There’s only one problem with these arguments: Ecclesiastes is in the Holy Bible, touched by the sanctity of God’s Word. Somehow Somehow it got into the biblical canon. Ecclesiastes’ words, not ours, are found in ancient Scripture. It must be there for a reason.

It boasts some famous passages:

• “There is nothing new under the sun.”

• “For everything there is a season, and a time for every matter under heaven: a time to be born, and a time to die . . . ”

• “All are from the dust, and all turn to dust again.”

Nevertheless, Ecclesiastes is too ornery and unpredictable to be assured a slot in religious prime time. It goes against every pious claim to know the mind of God. Ecclesiastes is a telegrammed rebuke to human grandiosity, declaring:

• “God is in his heaven; therefore let your words be few.”

• “God has made everything suitable for its time; moreover he has put a sense of past and future into their minds, yet they cannot find out what God has done from beginning to end.”

• “It is God’s gift that all should eat and drink and take pleasure in all their toil.”

If you’re a baby boomer, chances are you first got wind of biblical Ecclesiastes not through Sunday school but a ’60s pop song, “Turn, Turn, Turn,” a #1 hit single in 1965 that quotes from Ecclesiastes. The times were angry and uncertain — a hot war in Vietnam, cold war everywhere else, with racial agonies and generational despair at home. Optimists at the time thought Ecclesiastes had blessed us with a wisdom that the world would surely embrace, sooner the better.

Nearly 40 years later, contradiction, not wisdom, has the upper hand. It’s a time of glittering consumerism, but also drought, disease and devastation. The USA is an economic colossus built on cheap oil from a faraway region that resents us. Our uncontested superpower status has yielded not security at home but ungodly worry of insecurity.

The darkness after 9/11 provided a new, terrible opening on the spirit of Ecclesiastes. A season of fear and emptiness, dread of mass destruction, no sense that the horror will end — such thoughts drove many back to Scripture, back to the Gospels, the Psalms. Ecclesiastes waits there too, proclaiming that even spiritual discouragement has its moment in the sovereign God’s world.

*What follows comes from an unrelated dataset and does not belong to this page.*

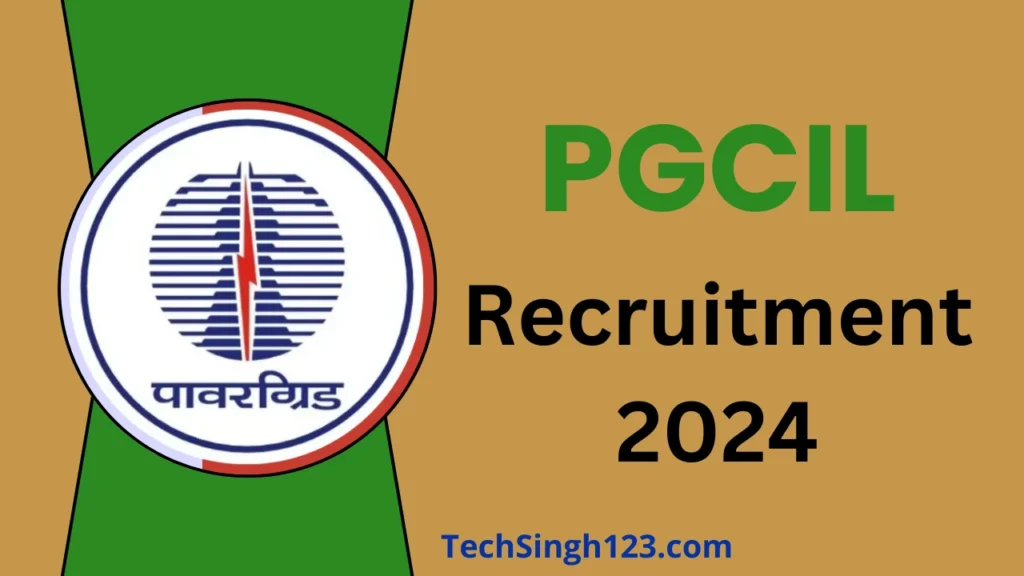 PGCIL Recruitment 2024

Even so, all is not a meltdown of pessimism. Ecclesiastes carries along on paradoxical passions. He is skeptical of the human grasp of truth, but he also affirms the goodness of God and earthly life. Weariness is balanced by a striving for wisdom. The book’s message might boil down to this:

• Everything passes on earth.

• But God knows all, judges all.

• So keep the commandments.

• And enjoy the world: We have a duty to be happy.

In a time of world religious tensions almost medieval in intensity, many people are quoting Holy Writ. But no one, it seems, is citing Ecclesiastes, who values religious habits of humility over arrogance, and pragmatic good-will actions over blood-lusting doctrinal hatreds. May Ecclesiastes enter and refresh the weary world’s conversation in 2003.

(Ray Waddle, formerly religion editor at The Tennessean, is a writer in Nashville. His book of meditations on each of the Psalms will be published by Upper Room Books early next year.)